I agree wiith your first point very much. I actually was not aware that there was that much of an outcry over equality, but if there is, it's unfounded.

For your second point, I agree somewhat, but the problem with this is that not every video game sets out to redefine the genre or even accept responsibility for moving it forward. A lot of games just want to do a variation on something that's already been done before, for the sake of being enjoyable to play. And I don't see anything wrong with that.

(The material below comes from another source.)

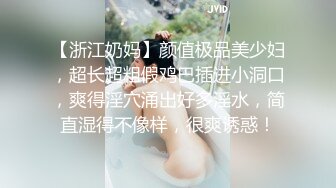 【女神的堕落2021】极品女神知名P站国人博主NailsAndDick全作品收录 手交+口交+足交+后入高清1080P原版无水印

And for the third, I agree. Black Ops is a great example, but no one wants to give shoddy scores to the top selling game on the market. When you get to the big-budget, it turns back into a popularity contest. But that's true for most any medium in a lot of ways. Your argument on this one transcends gaming and I'm not sure it's very solvable.

bowlingotter

Fair point. The distinction, I guess, is between making a game which holds to existing formulas and making a game which does nothing new, that is, doesn't even try. The first category is hardly to be blamed; the second one arguably is.

I hate to think of it that way. Rather, I see it more as a matter of there not being any strong, serious, well defined gaming critics to take up the center. Film is different; I'd say that in general the good film critics aren't recognised anymore because there aren't enough of them, and too many of them are apathetic to the state of film criticism, as are most movie-goers.. I don't think gaming criticism is developing the same way.

It's solvable if distinctive options are presented. GameSpot could go that way if they really wanted to. So could Destructoid, if they weren't such panderers. I don't think GS would loose one iota of traffic, either.